### Exercise description
Your answer must be the lines from the start of the records through the line with "Montañas en el paisaje rural - foto de stock", exactly as written, without the pictures.

(Captioned web image data)
+++

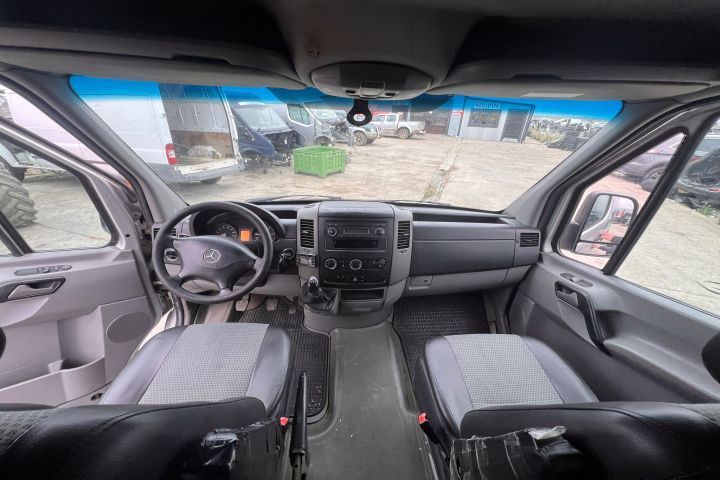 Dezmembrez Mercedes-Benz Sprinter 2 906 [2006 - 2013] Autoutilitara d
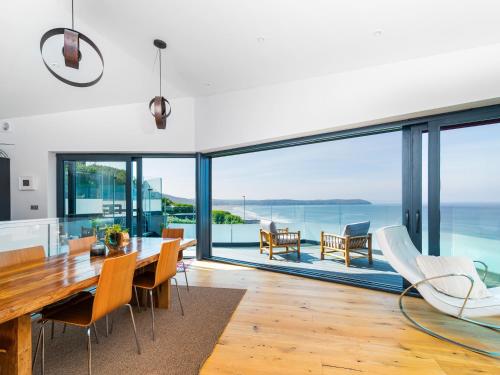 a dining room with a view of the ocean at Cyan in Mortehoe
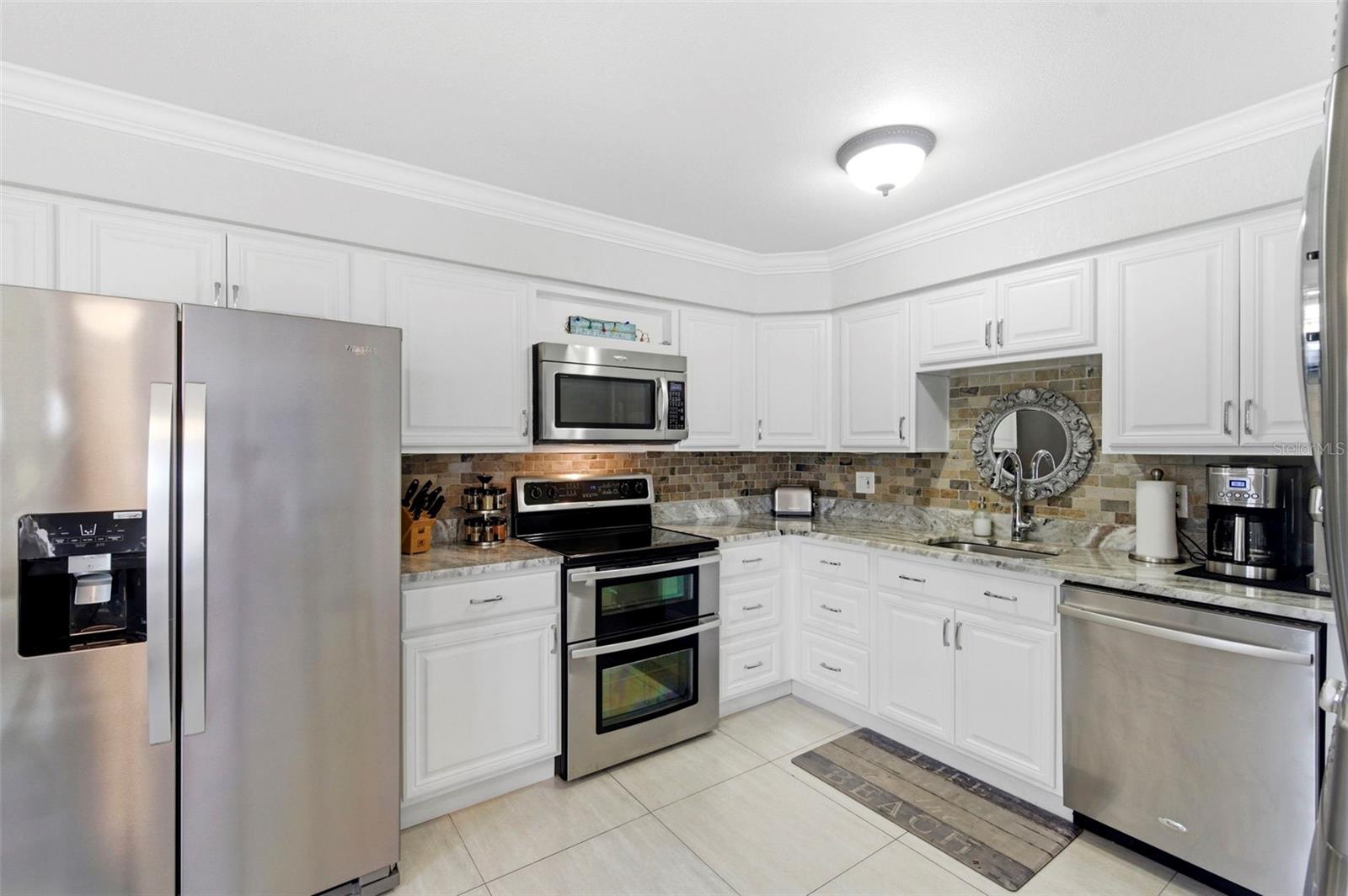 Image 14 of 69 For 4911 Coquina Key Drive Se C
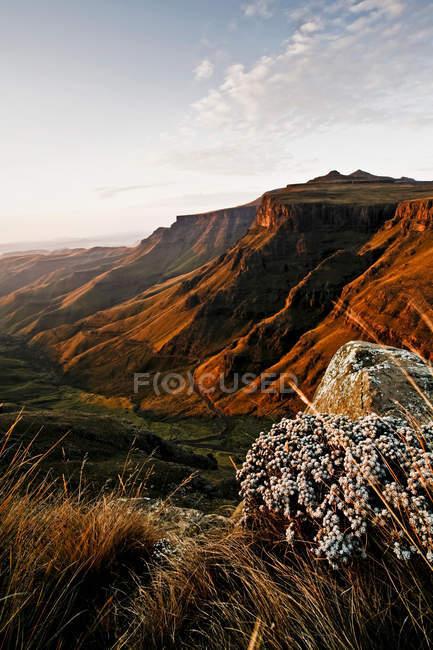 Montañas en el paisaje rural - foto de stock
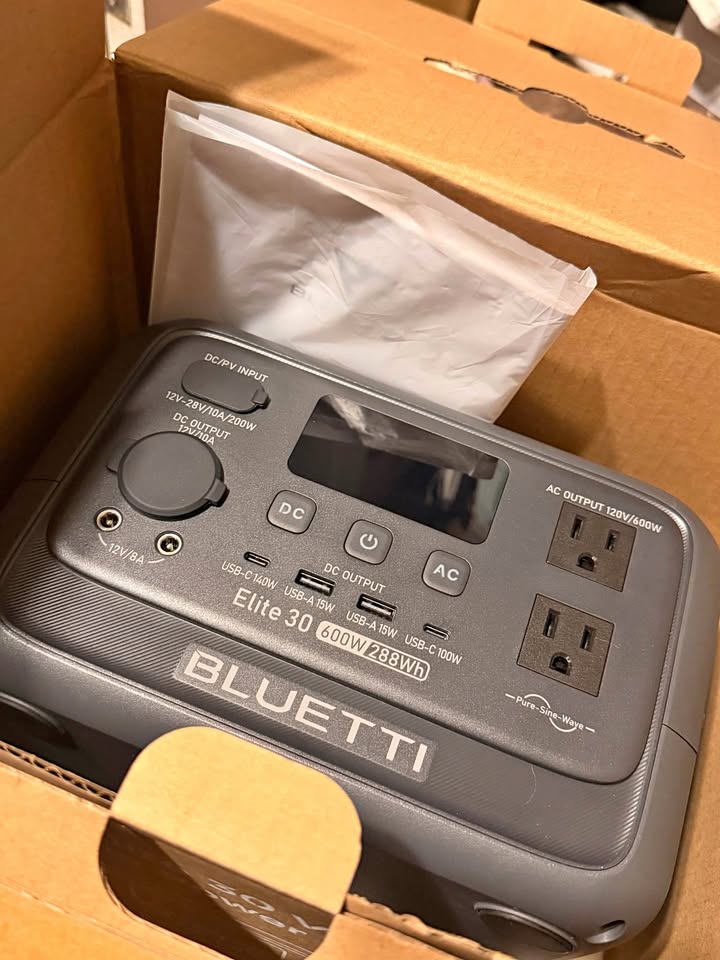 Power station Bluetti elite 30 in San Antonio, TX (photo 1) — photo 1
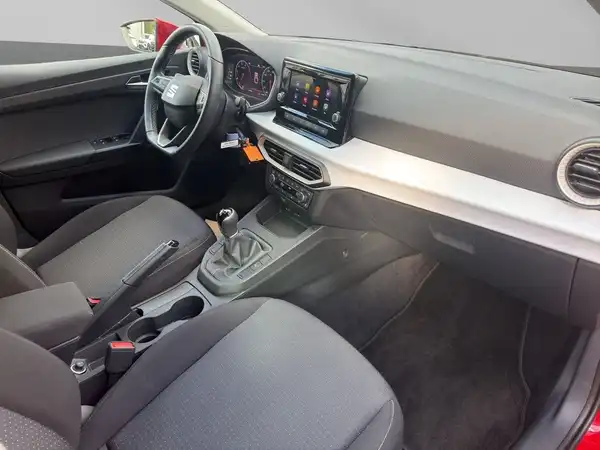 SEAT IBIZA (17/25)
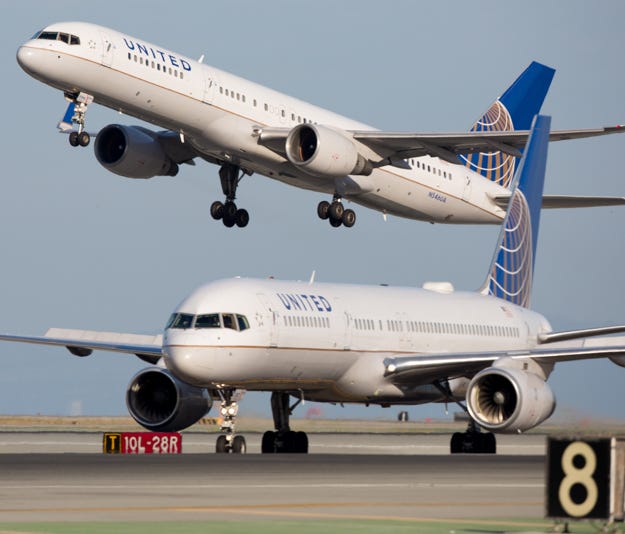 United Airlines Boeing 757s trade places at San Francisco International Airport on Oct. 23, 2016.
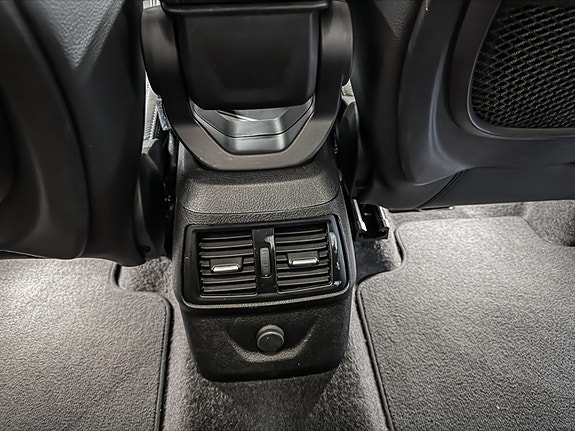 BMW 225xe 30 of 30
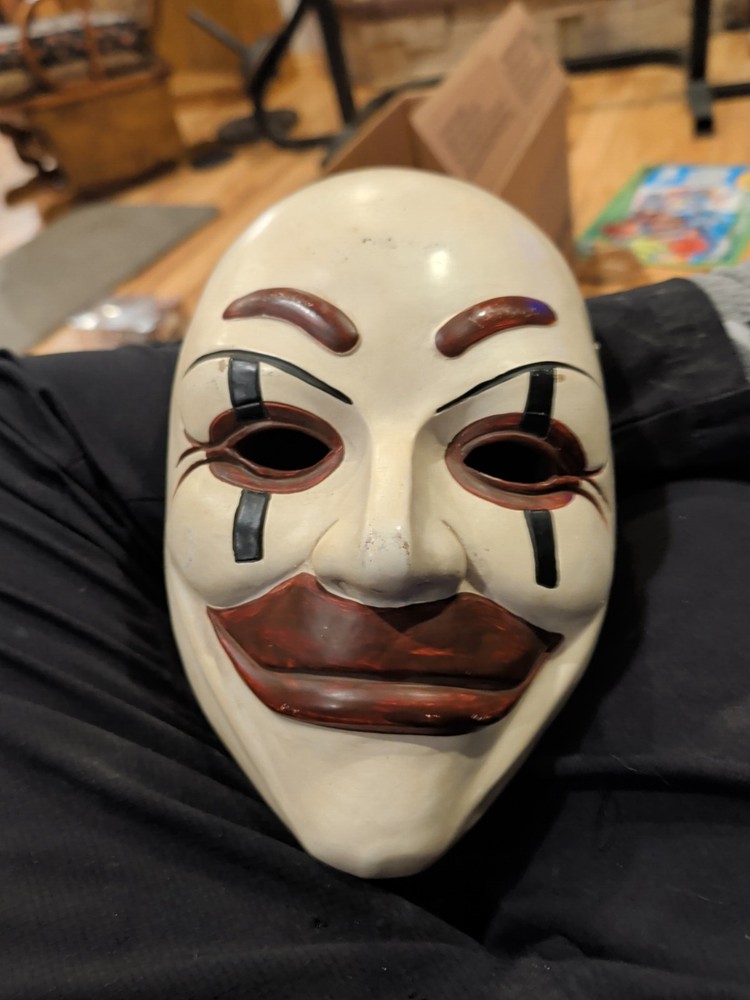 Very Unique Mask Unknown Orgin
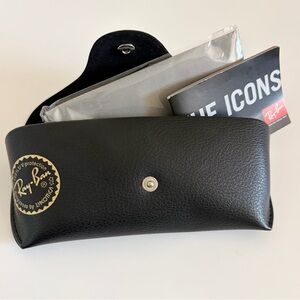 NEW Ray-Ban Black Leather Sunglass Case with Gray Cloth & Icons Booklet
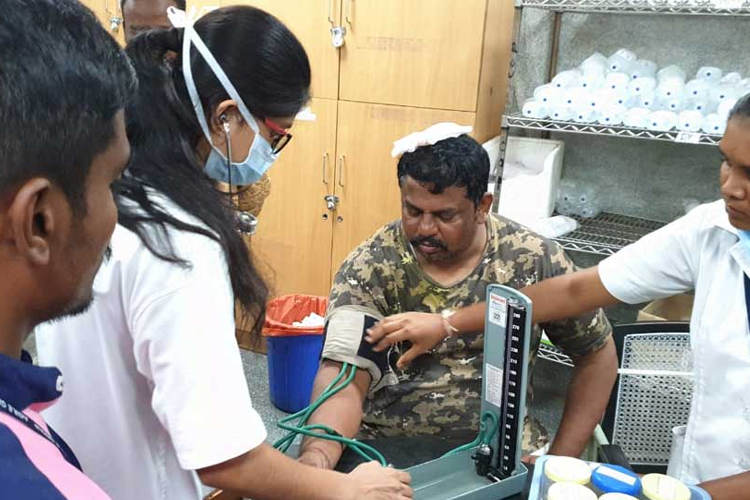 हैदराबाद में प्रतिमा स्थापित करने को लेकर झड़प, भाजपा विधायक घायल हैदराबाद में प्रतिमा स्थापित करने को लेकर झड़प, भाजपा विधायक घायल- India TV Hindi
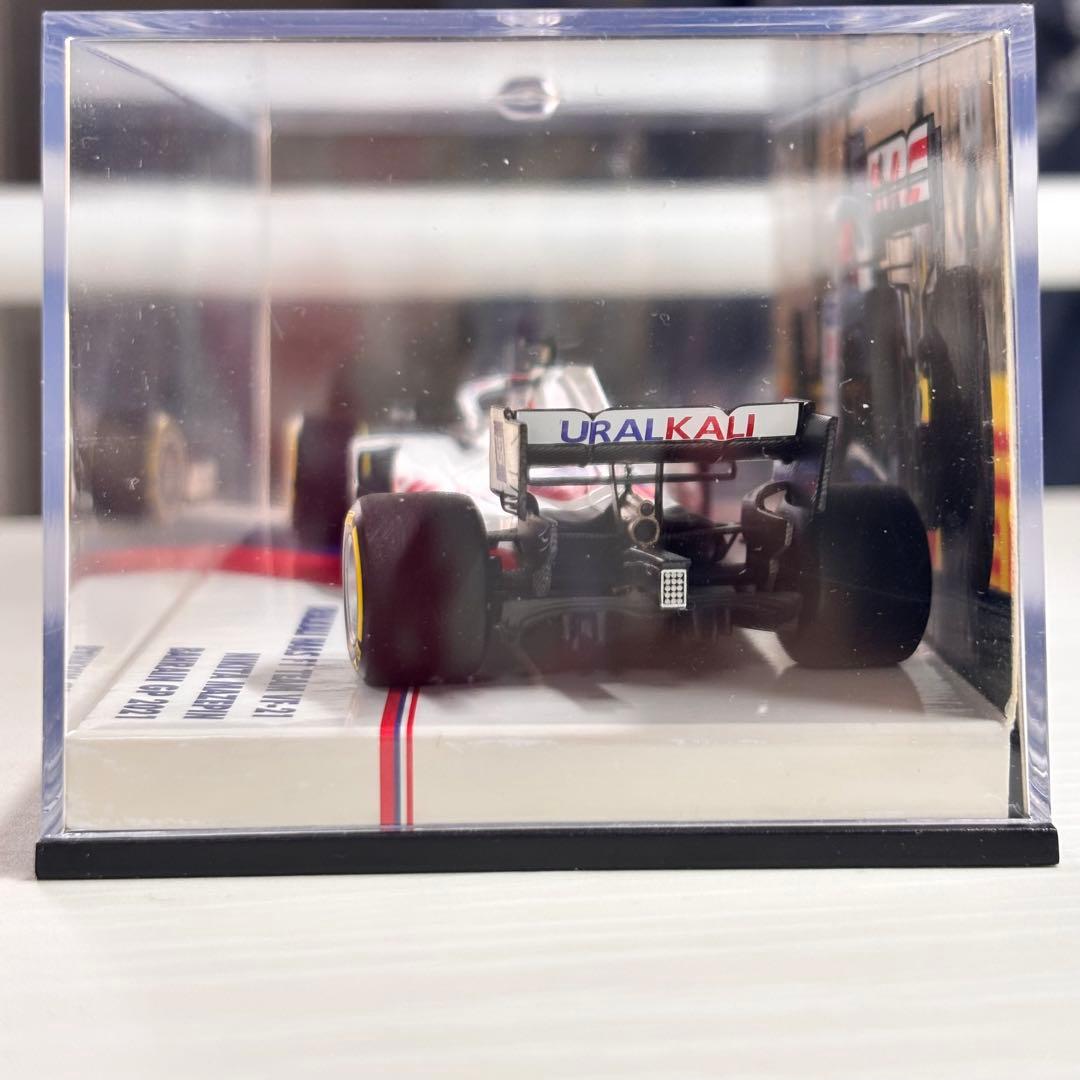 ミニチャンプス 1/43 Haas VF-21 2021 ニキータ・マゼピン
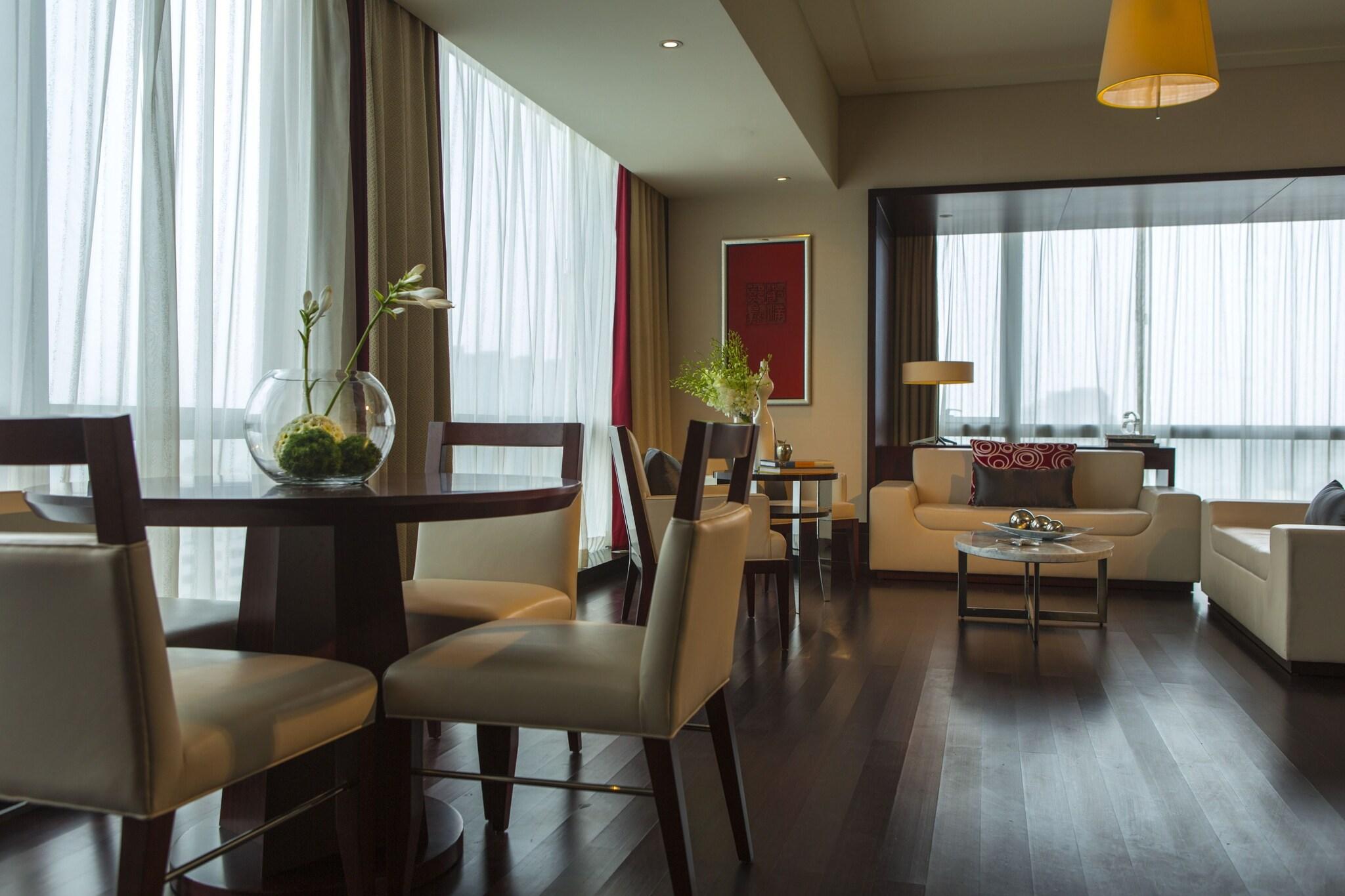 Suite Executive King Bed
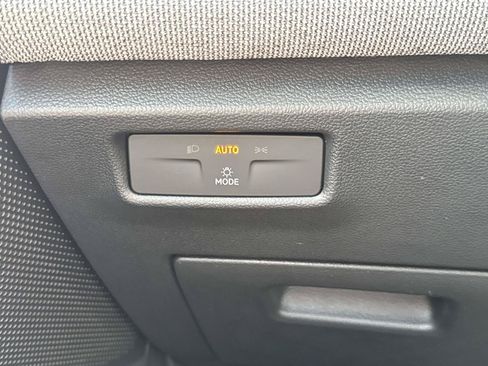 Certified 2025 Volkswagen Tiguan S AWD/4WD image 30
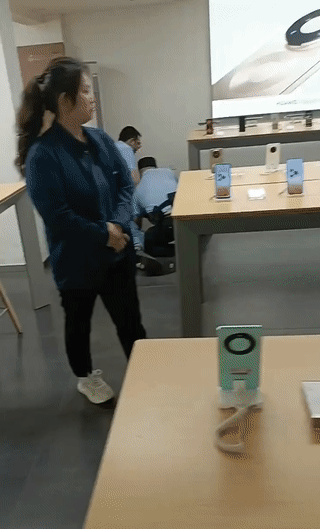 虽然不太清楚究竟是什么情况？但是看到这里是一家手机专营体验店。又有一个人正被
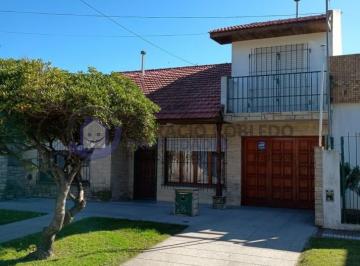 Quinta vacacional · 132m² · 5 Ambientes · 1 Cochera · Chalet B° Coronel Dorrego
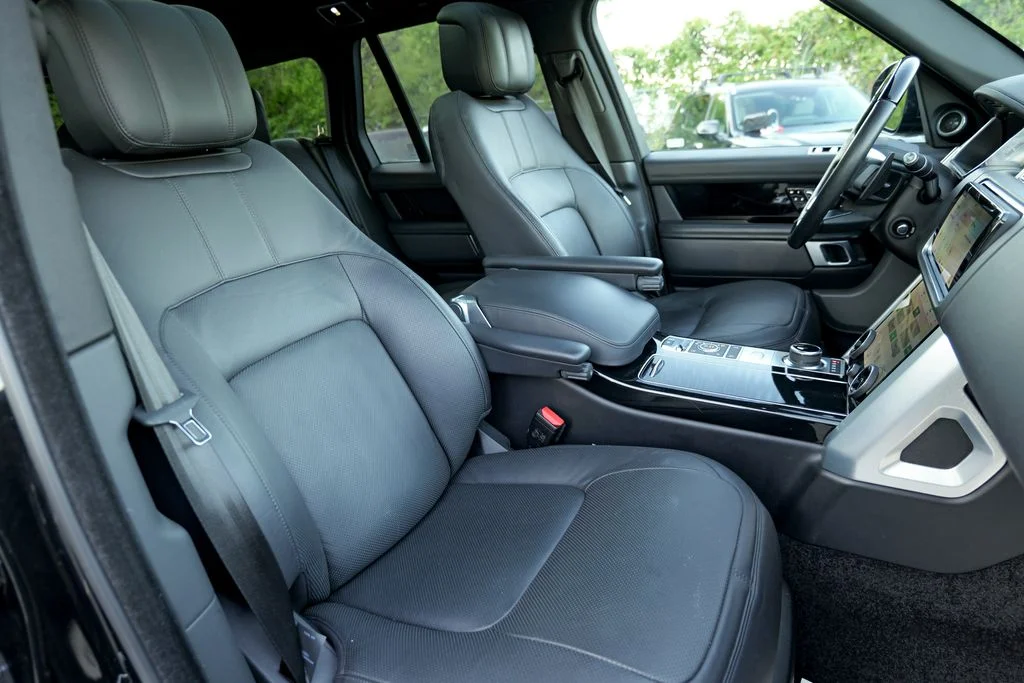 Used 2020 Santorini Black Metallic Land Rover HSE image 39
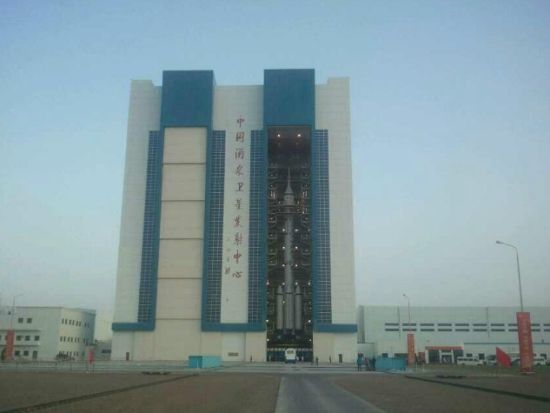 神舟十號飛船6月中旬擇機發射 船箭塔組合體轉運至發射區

+++

### Output of the exercise
 Dezmembrez Mercedes-Benz Sprinter 2 906 [2006 - 2013] Autoutilitara d
 a dining room with a view of the ocean at Cyan in Mortehoe
 Image 14 of 69 For 4911 Coquina Key Drive Se C
 Montañas en el paisaje rural - foto de stock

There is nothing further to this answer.